Un ippocampo elettrico
Questa avveniristica forma di stimolazione cerebrale “imita” il modo in cui il cervello crea i ricordi. Al momento, è un sistema piuttosto basilare e usa solo un elettrodo che deve essere posizionato in profondità nel cervello. Difficile immaginare la sua adozione su larga scala nella forma attuale, ma i suoi risultati sono notevolissimi, e potrebbe ottenere risultati ancora migliori con un design più sofisticato.
Le possibilità di un dispositivo del genere sono sbalorditive.

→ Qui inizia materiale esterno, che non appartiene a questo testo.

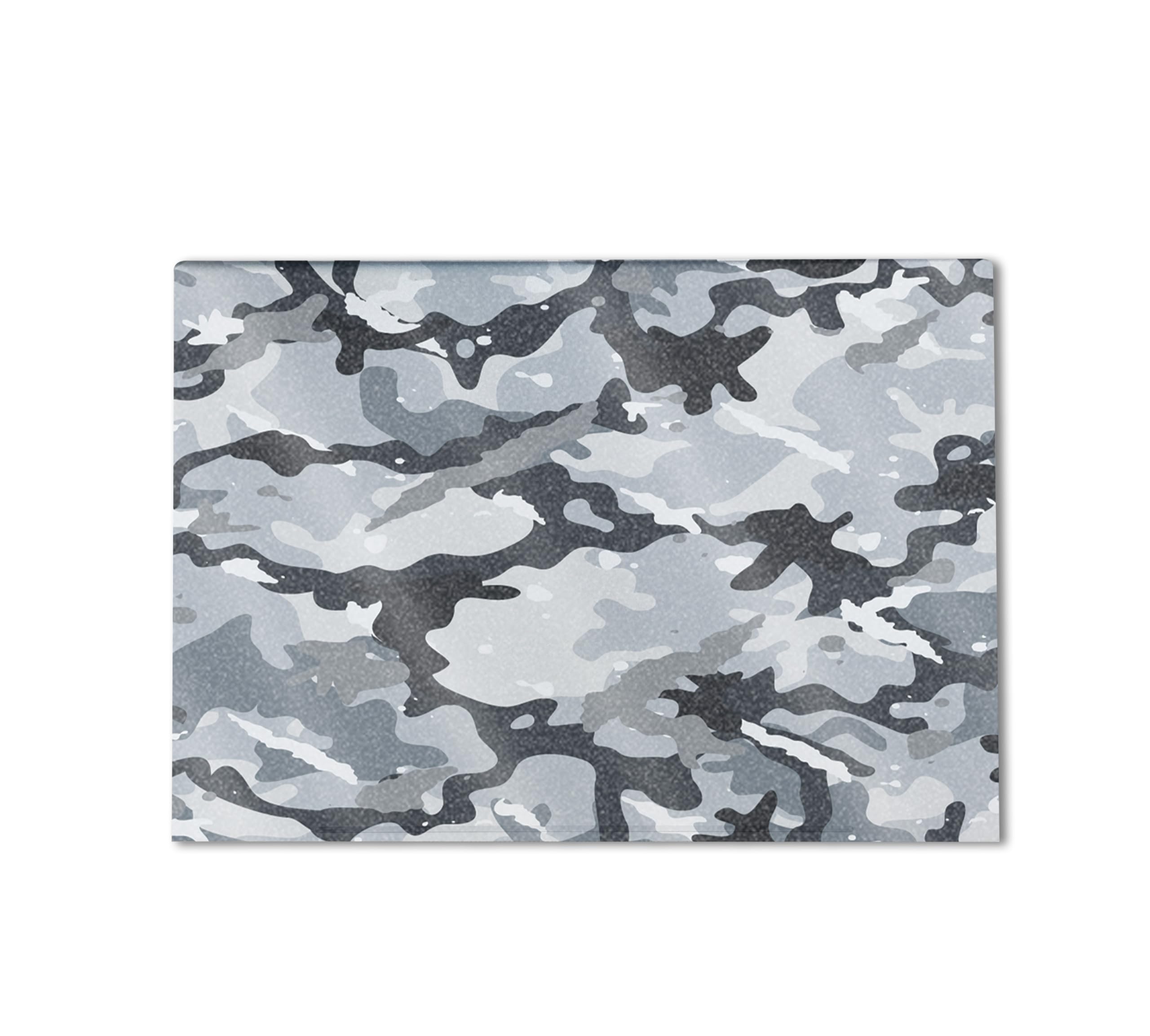 Glossy Glitter Gaming Skin Compatible with HP Envy x360 16” (2023) - Gray Camouflage - Premium 3M Vinyl Protective Wrap Decal Cover - Easy to Apply | Crafted in The USA by MightySkins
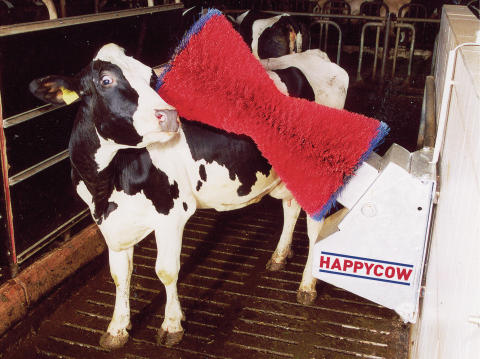 Kerbl Kuhputzmaschine HAPPYCOW Uno, PA-Bürsten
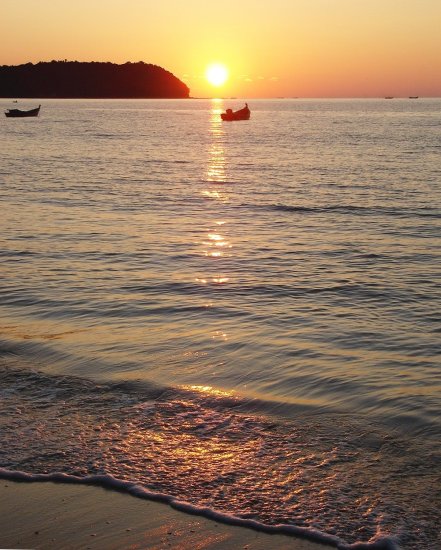 Sunset on Ngapali Beach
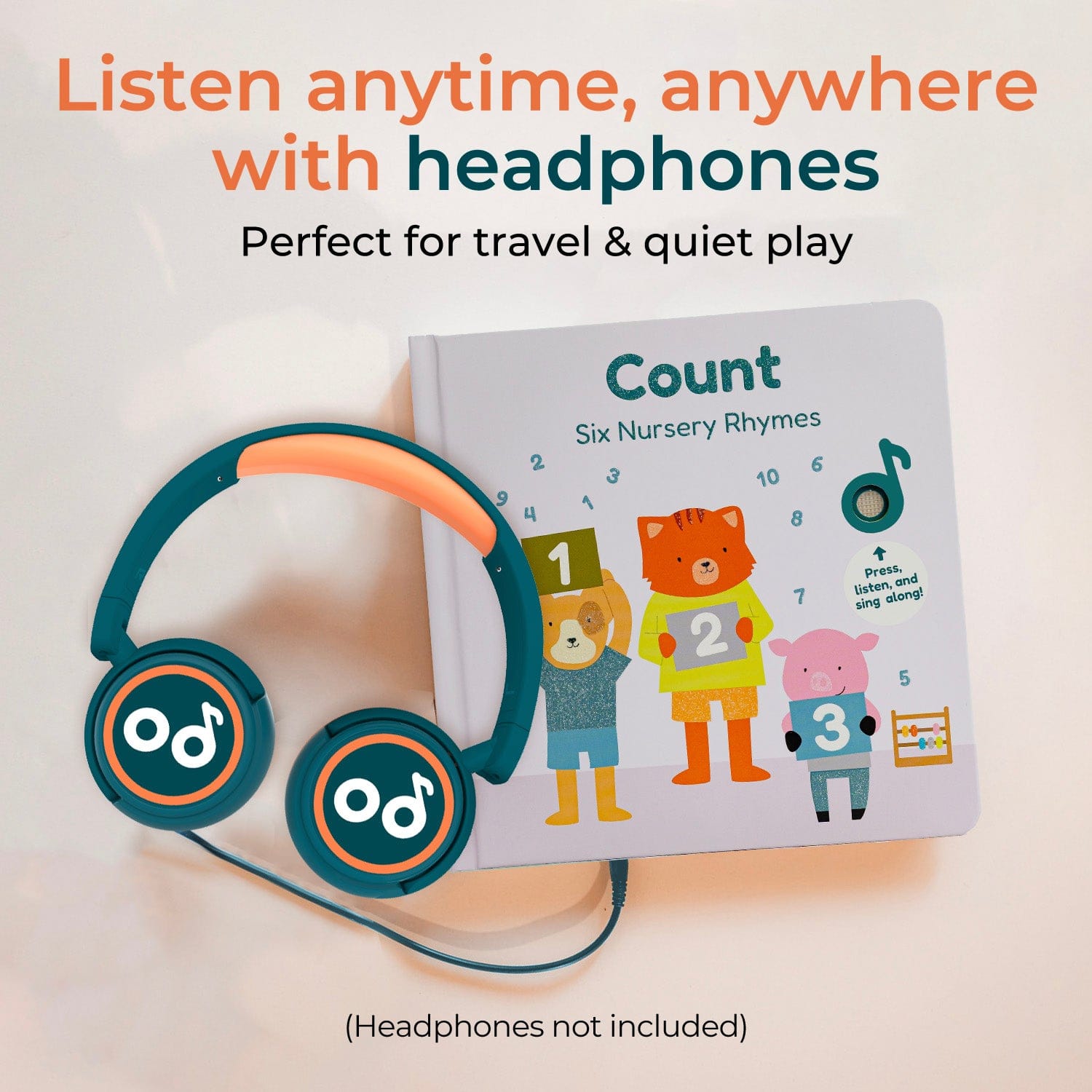 Cali's Books Sound Books Count With Nursery Rhymes - Headphone Edition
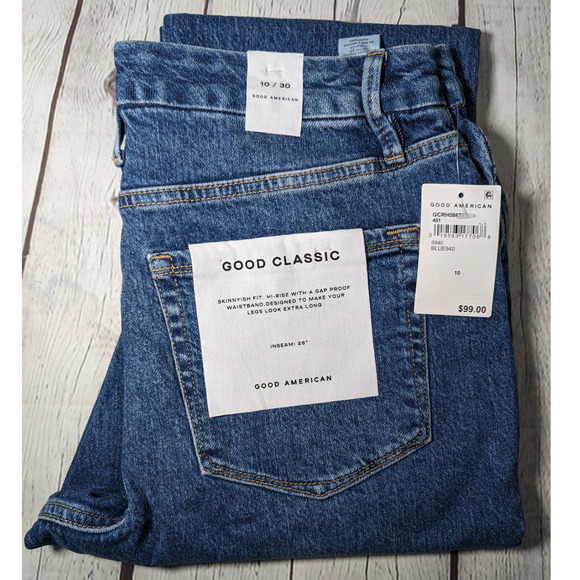 Good American High Rise Women Jeans - Blue - Picture 12 of 14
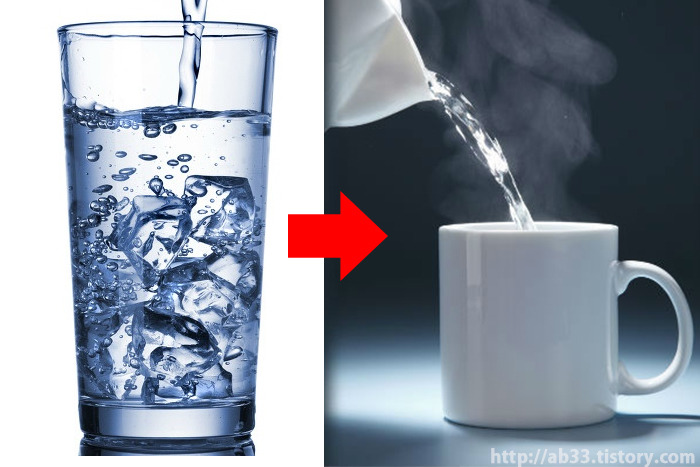 여름철 찬물 보다 따뜻한 물을 마시면 좋은 이유 7가지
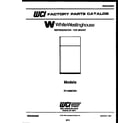 White-Westinghouse RT199MCW2 cover page diagram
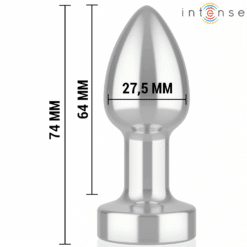 Comprar INTENSE - PLUG ANAL 10 VIBRACIONES METAL CON CONTROL REMOTO S al mejor precio - Envíos Discretos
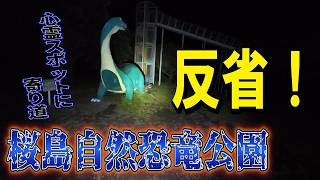 夜の桜島恐竜公園でやってしまった！【桜島】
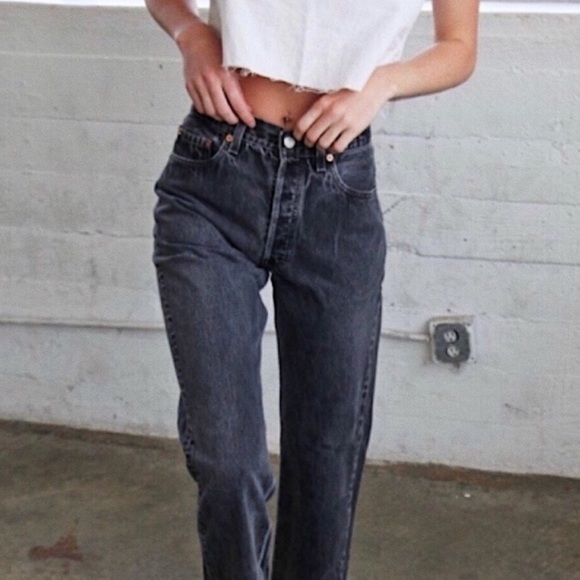 Levi's Denim - Levi’s 501 VINTAGE BLACK Y2K JEANS Size 29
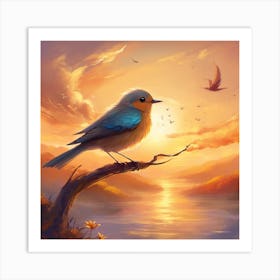 Bird On A Branch Art Print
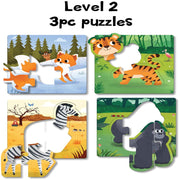 Play Panda 12 in 1 Jungle Animal Puzzles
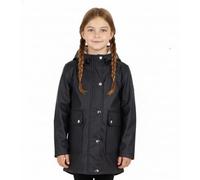 A2Z 4 Kids PU Raincoat Jackets Windbreaker Waterproof Raincoat 625 Black 9-10
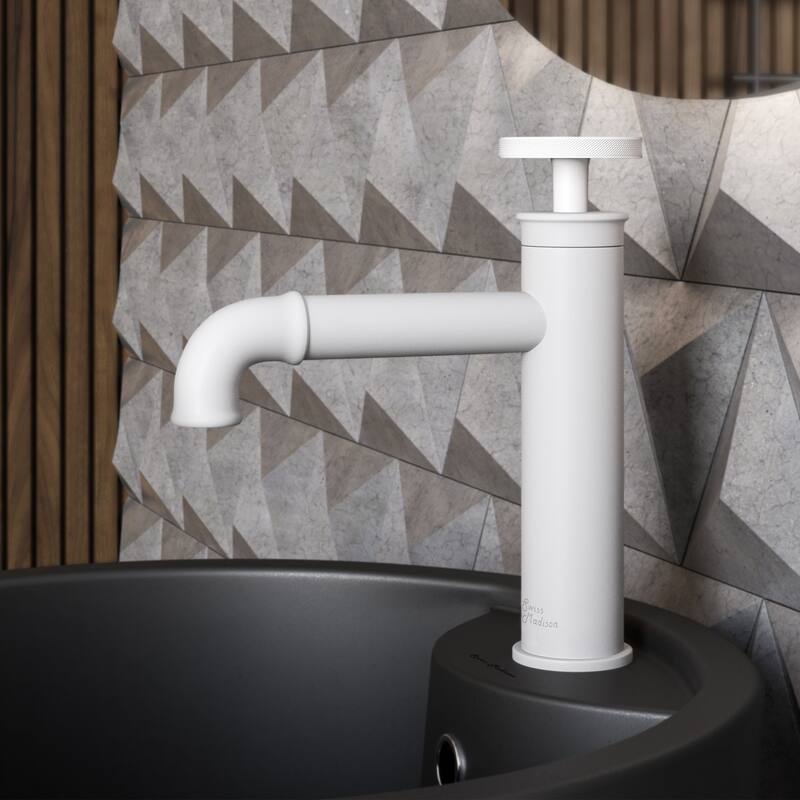 Avallon 7 Single Handle, Bathroom Faucet - Matte White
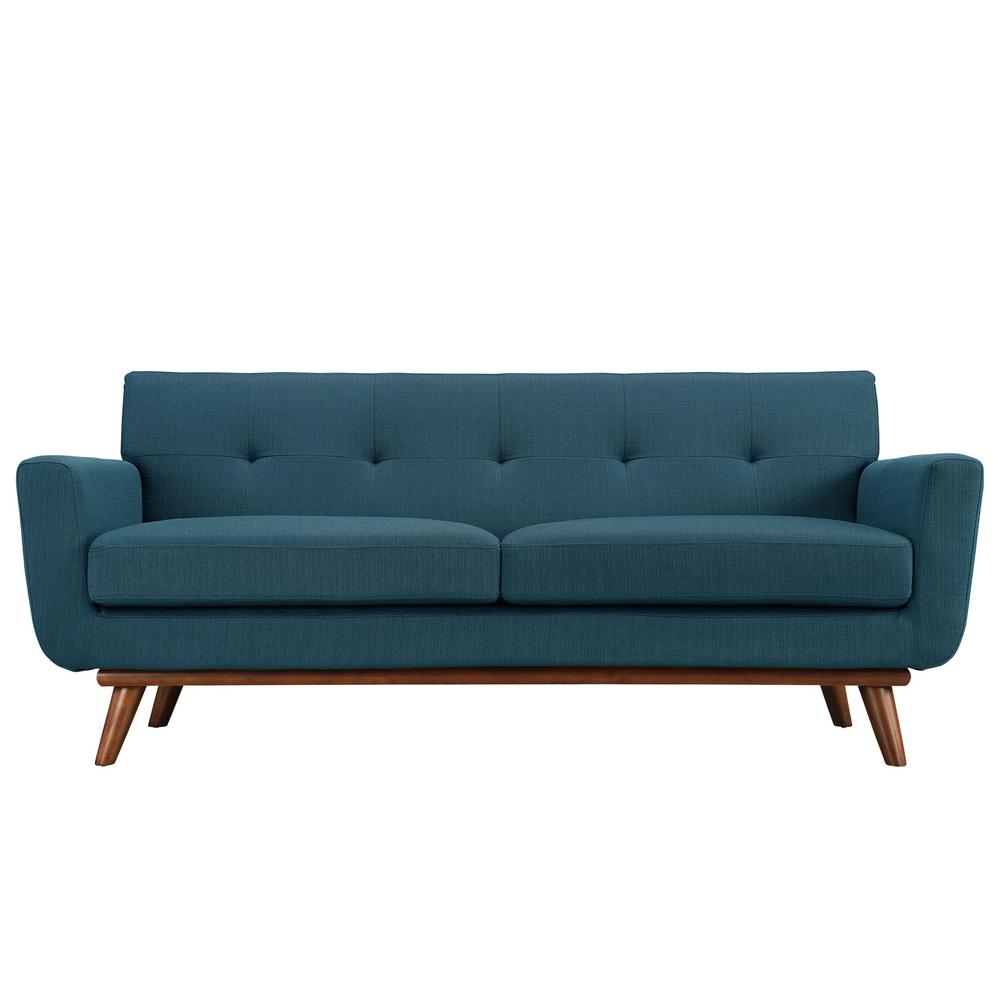 Engage Upholstered Fabric Loveseat. Picture 1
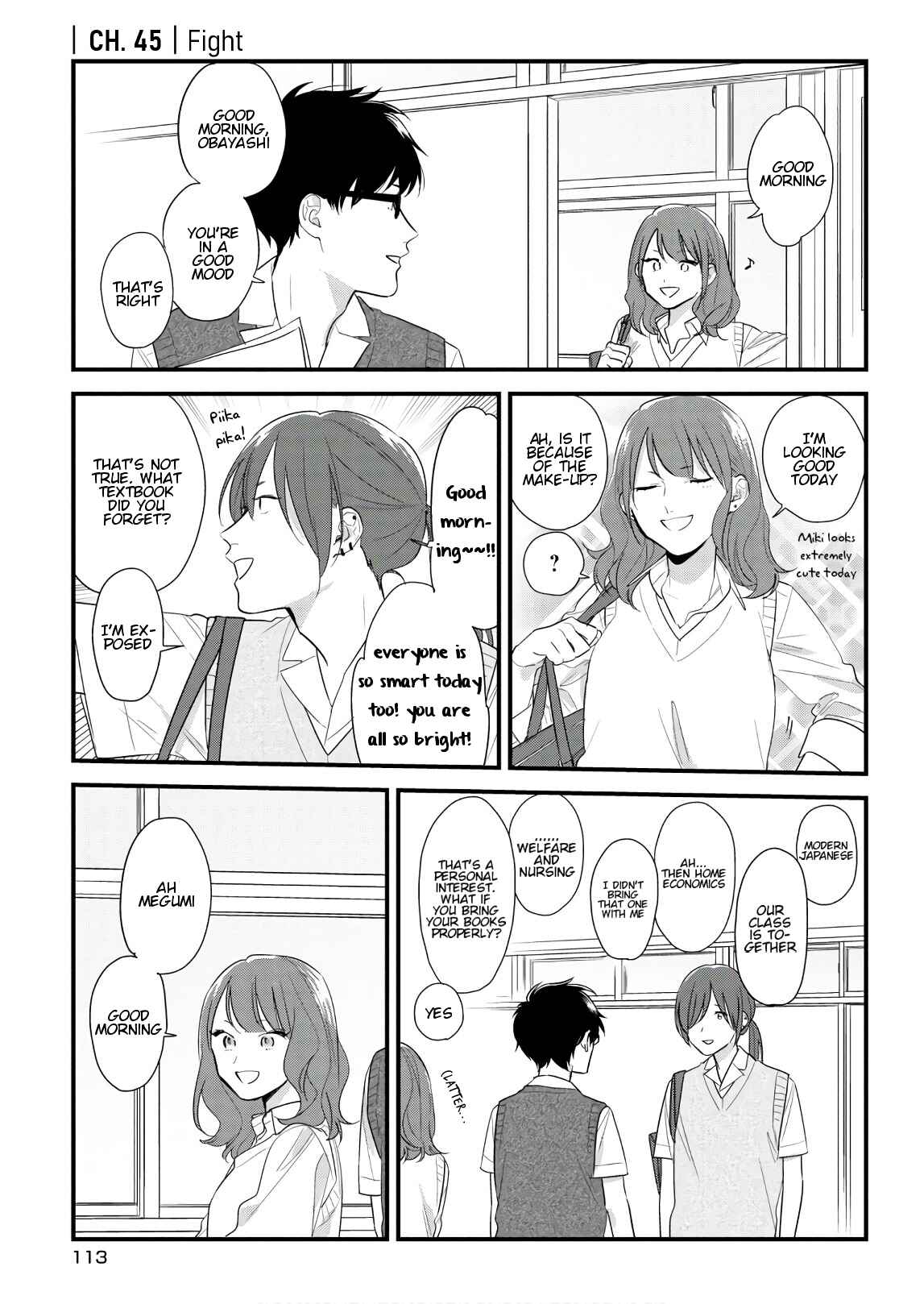Page 1 Chapter 45 Soushi Souai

Avere un “sostituto” elettrico dell’ippocampo sarebbe una svolta.
Come funziona l’ippocampo
L’ippocampo è l’area del cervello vitale per l’archiviazione e la creazione della memoria. Quando un individuo sperimenta qualcosa di nuovo, l’ippocampo aiuta a codificare le informazioni e a immagazzinarle per poterle poi recuperare.
I test sui dispositivi
I ricercatori della DARPA hanno testato la loro protesi su animali e su alcuni esseri umani affetti da epilessia. Due diverse versioni del dispositivo hanno migliorato la memoria di 24 persone. La differenza (comunque lieve) dei risultati è dovuta all’area di posizionamento dell’elettrodo, diversa da individuo a individuo per adattarsi alle sue lesioni cerebrali.
La prima versione del sistema era stata progettata per replicare gli schemi naturali del cervello. Prendeva una media dei modelli presenti nel cervello della persona e poi stimolava un modello simile con correnti elettriche. La seconda versione replicava più da vicino il funzionamento dell’ippocampo. L’idea dei ricercatori è che, proprio in ragione delle differenze tra pazieni, alcuni risultati potranno essere ancora migliori.
I risultati sono stati pubblicati sulla rivista Frontiers in Human Neuroscience (vi linko qui l’articolo).